Start of Supplied records

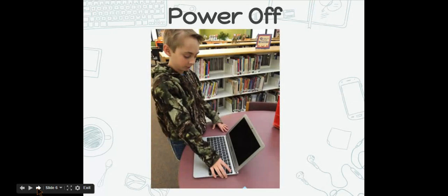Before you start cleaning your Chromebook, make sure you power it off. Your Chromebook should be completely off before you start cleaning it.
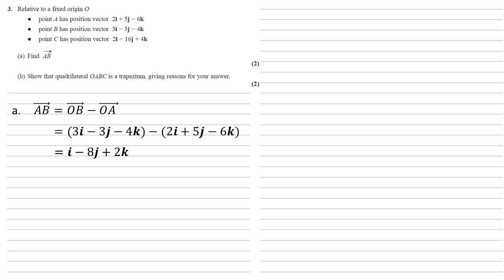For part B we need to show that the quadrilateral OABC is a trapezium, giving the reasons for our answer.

End of Supplied records
Start of Supplied records

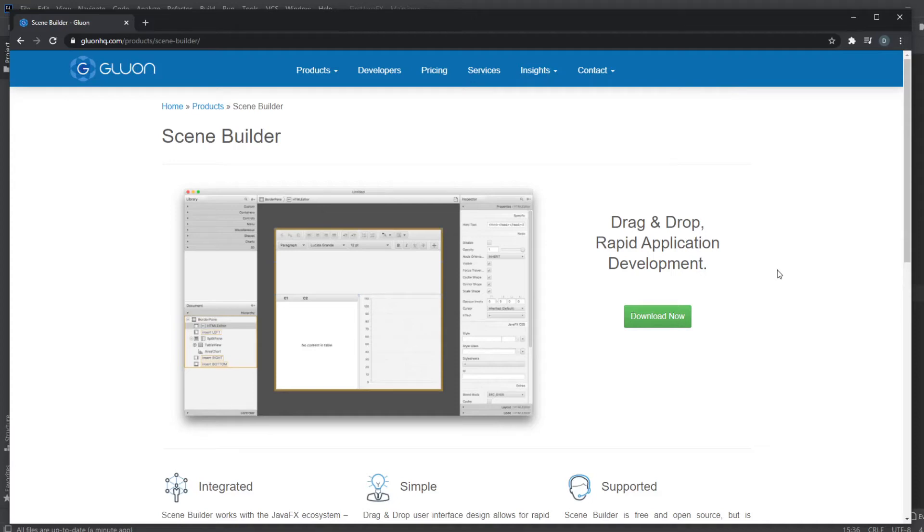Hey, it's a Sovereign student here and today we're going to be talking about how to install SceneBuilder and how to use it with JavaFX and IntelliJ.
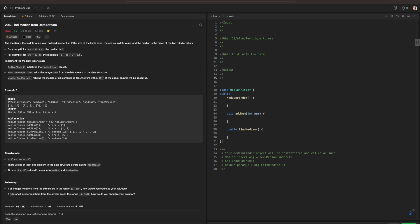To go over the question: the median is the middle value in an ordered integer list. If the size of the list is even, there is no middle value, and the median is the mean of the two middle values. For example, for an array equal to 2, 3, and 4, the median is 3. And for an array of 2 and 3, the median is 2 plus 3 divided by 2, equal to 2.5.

End of Supplied records
Start of Supplied records

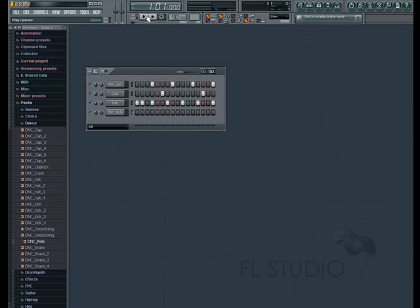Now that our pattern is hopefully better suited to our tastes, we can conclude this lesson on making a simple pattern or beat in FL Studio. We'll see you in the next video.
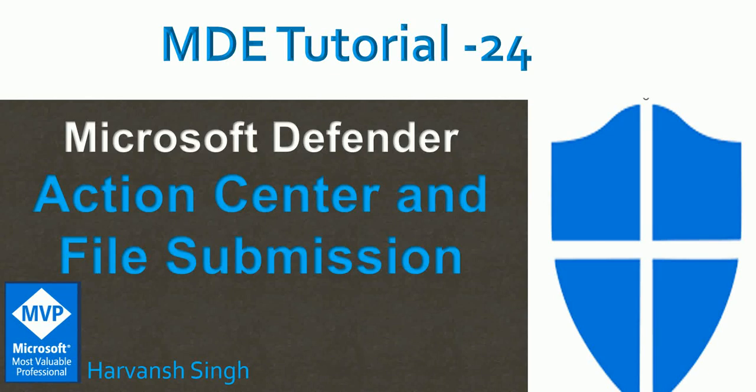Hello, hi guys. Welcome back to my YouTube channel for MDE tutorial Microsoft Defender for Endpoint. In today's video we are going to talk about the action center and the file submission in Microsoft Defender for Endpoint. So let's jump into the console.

End of Supplied records

**Problem to solve:** Print nothing except the lines above from the one containing "Before you start cleaning your" down to the one containing "For part B we", both included, exactly as written and free of pictures.

**Task result:**
Before you start cleaning your Chromebook, make sure you power it off. Your Chromebook should be completely off before you start cleaning it.
For part B we need to show that the quadrilateral OABC is a trapezium, giving the reasons for our answer.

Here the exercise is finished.